COS 7-2
Trade-offs in Carbohydrate Allocation and the Distributions of Bornean Tree Species along a Soil Gradient
The evolutionary responses of plants to trade-offs in allocation of carbohydrates to competing functions have produced a range of strategies that influence beta diversity and species’ distributions along environmental gradients. We conducted a reciprocal transplant experiment across two soil and light environments with seedlings of 13 tree species representing specialists of clay and sandy loam soils, with a defoliation treatment that induced carbon-deficit stress, to investigate how between- and within-species variation in allocation and functional traits relate to species’ distributions along an edaphic gradient in Bornean rain forest.
Results/Conclusions
We found evidence of a trade-off between allocation of carbohydrates to growth versus storage. First, growth rate and storage were negatively related. Second, both fast growth and storage carried survival costs and benefits, depending on stress. Defoliated seedlings that grew faster before defoliation had reduced survival compared to slower-growing seedlings, but survival of non-defoliated seedlings increased with faster growth.
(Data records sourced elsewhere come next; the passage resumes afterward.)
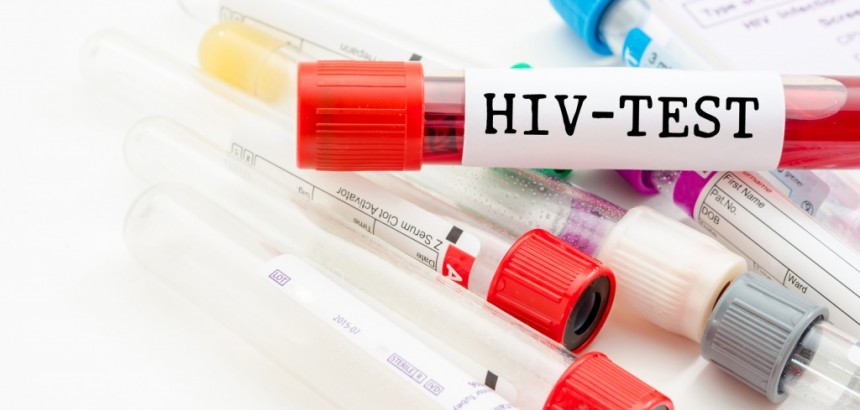 Экспресс-тестирование на ВИЧ и гепатит В 24.04-28.04.2023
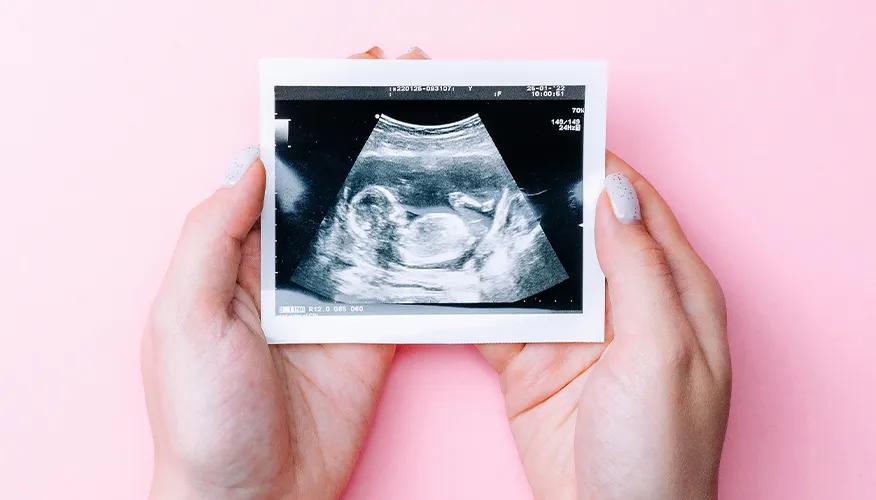 Ultrasound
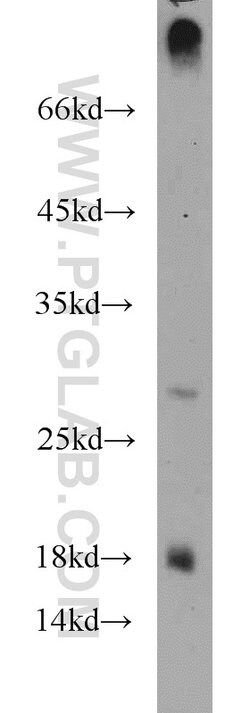 CST8 Rabbit anti-Human, Polyclonal, Proteintech:Antibodies:Primary Antibodies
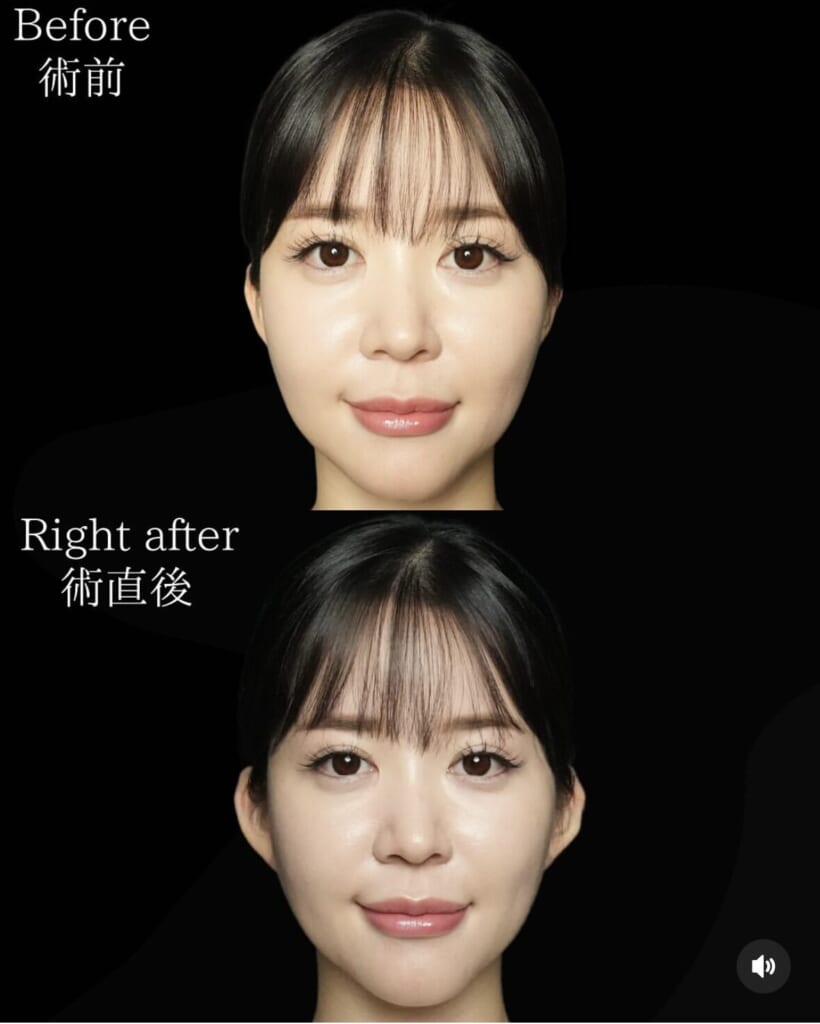 エルフ・フェアリーヒアルロン酸(立ち耳ヒアルロン酸)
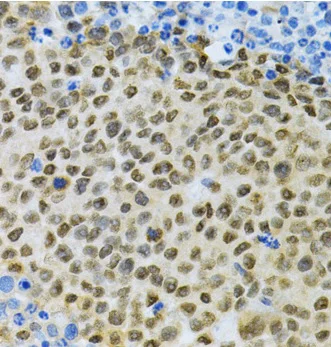 Immunohistochemistry (Formalin/PFA-fixed paraffin-embedded sections) - Anti-HuR / ELAVL1 antibody (AB238528)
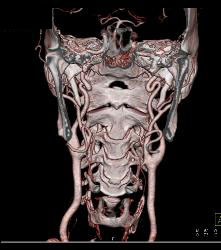 Substernal Thyroid With A Range of Renderings - CTisus CT Scan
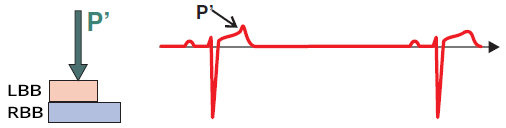 Phase 3 Aberrancy. Premature atrial complex block in refractory period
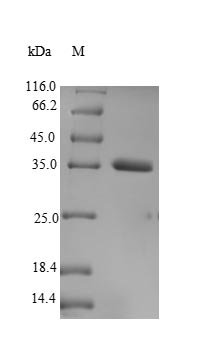 Human Transcription cofactor vestigial-like protein 3 (VGLL3) Recombinant Protein, N-His, aa 1–320, Yeast - BioCrest Sci
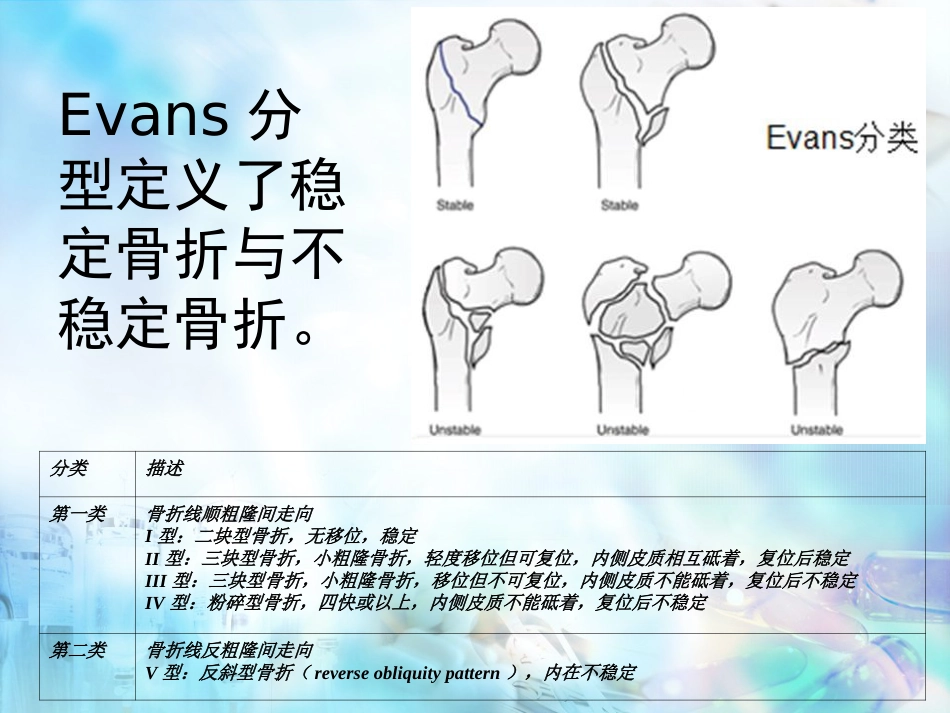 股骨粗隆间骨折 股骨转子间骨折_第13页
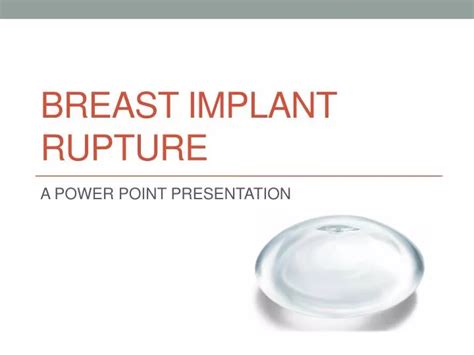 Ppt Breast Implant Rupture Powerpoint Presentation Free Download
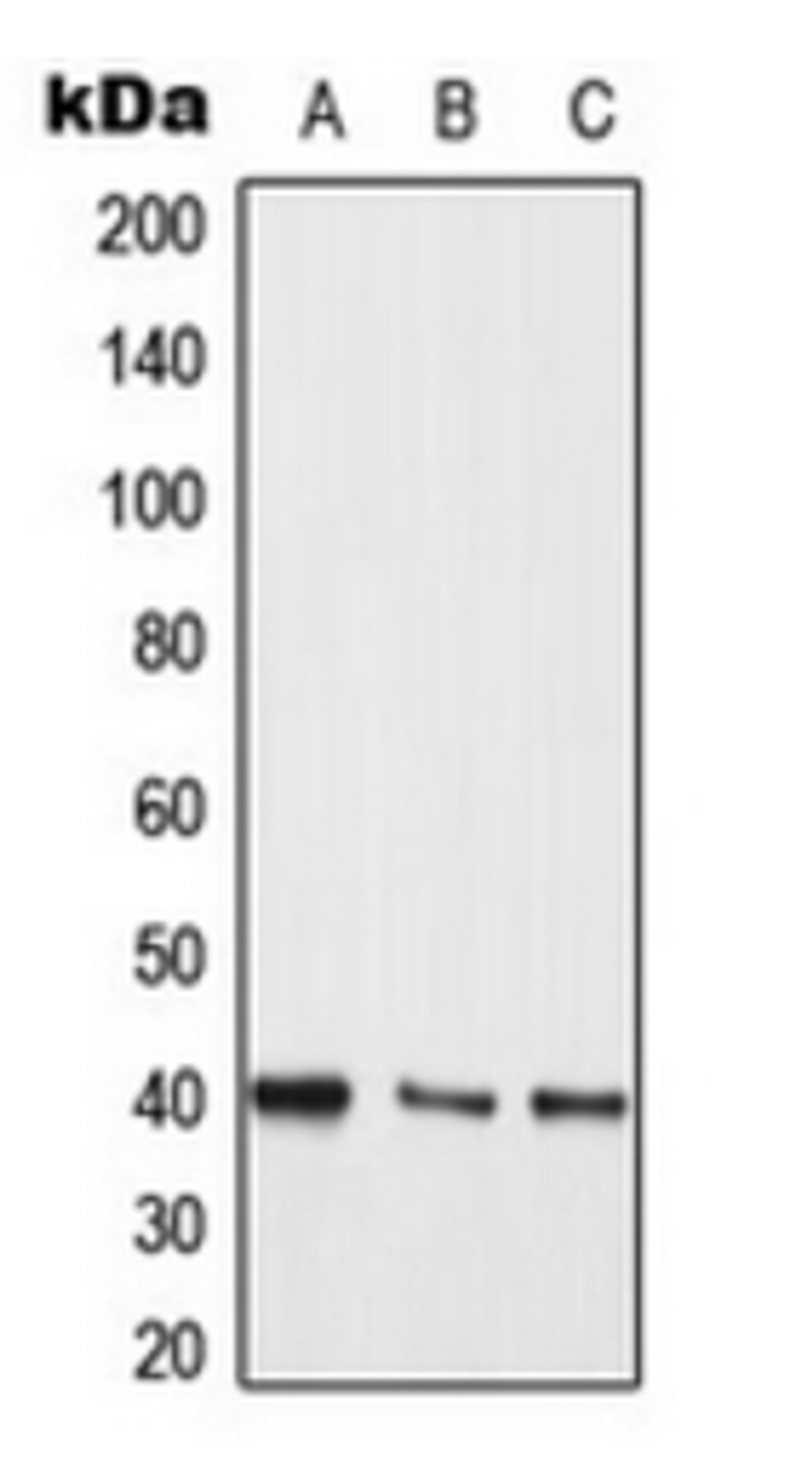 Western blot analysis of Jurkat (Lane 1), A431 (Lane 2), PC12 (Lane 3) whole cell lysates using MKK3/6 antibody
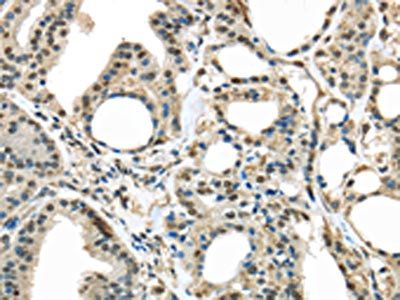 TKT Antibody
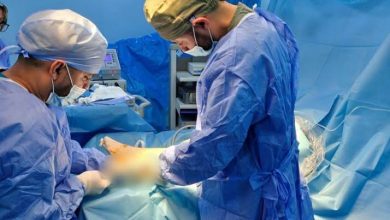 صورة البيض.. إجراء 20 عملية جراحية ضمن أيام جراحة العظام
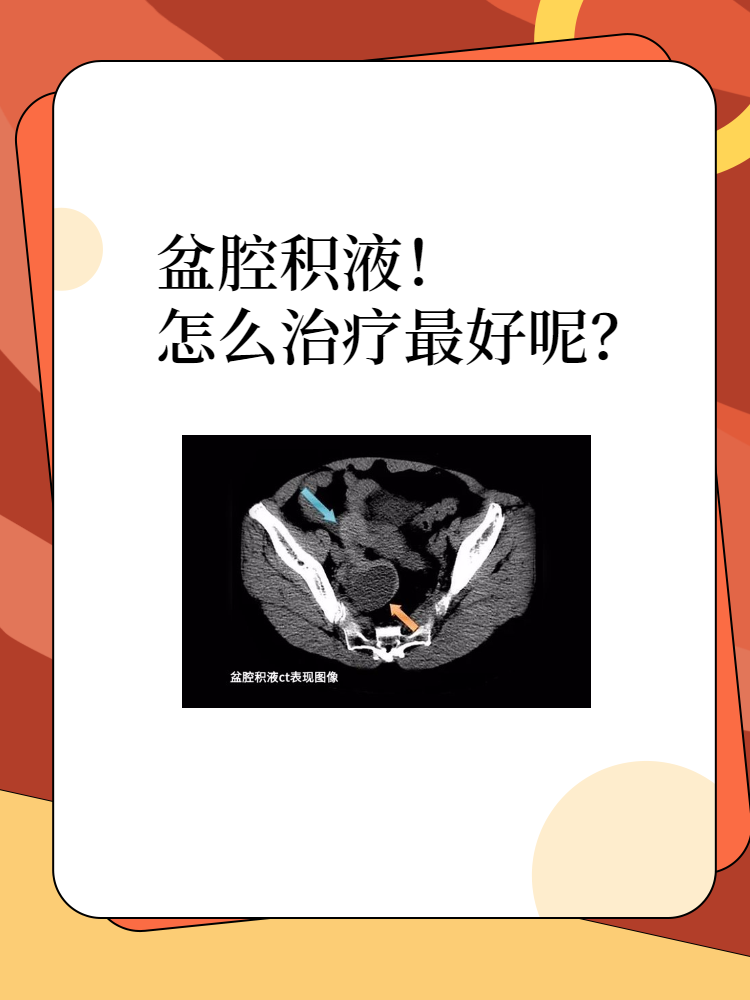 盆腔积液!怎么治疗最好呢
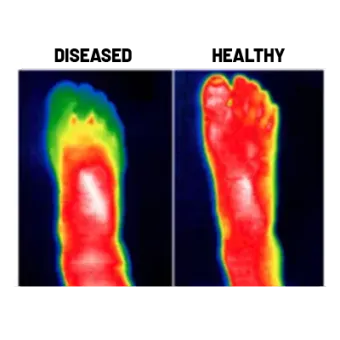 Thermal foot scans labeled diseased and healthy, showing hotter red-white diseased foot and cooler healthy foot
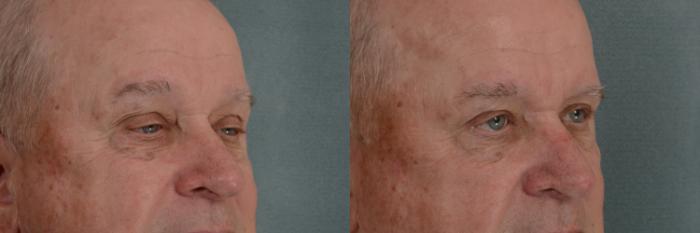 Before & After Oculoplastic Surgery Case 335 View #2 View in Tallahassee, FL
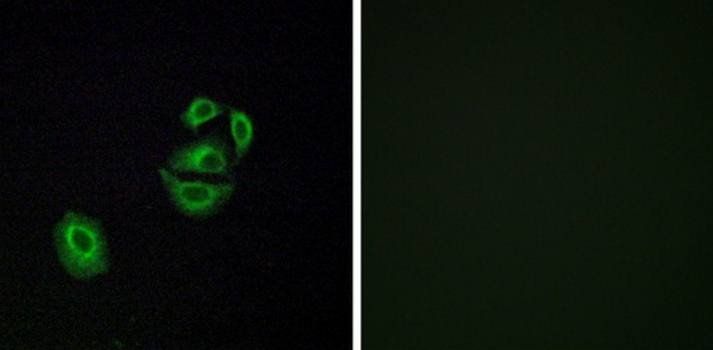 OR2T2/35 Antibody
For non-defoliated seedlings, species with greater storage had reduced survival, but for defoliated seedlings, survival increased with storage. If differences in allocation are a mechanism sorting species between soil types, then allocation strategies of sandy loam and clay specialists should match predictions from the growth-storage trade-off: clay specialists should have faster growth, reduced storage, lower survival rates, and reduced stress tolerance. These predictions did not hold, except for growth. By growing bigger faster, clay specialists take advantage of compounding interest to increase their access to resources and total stored carbohydrate pool. Specialists did not differ in leaf biomass allocation, but clay specialists’ faster growth was associated with greater specific leaf area and total leaf area. Their greater plasticity would also help avoid risks of insufficient storage to survive stress. We conclude that between-species differences in plasticity of allocation and leaf traits are fundamental to how resource-allocation trade-offs affect species’ distributions in this forest.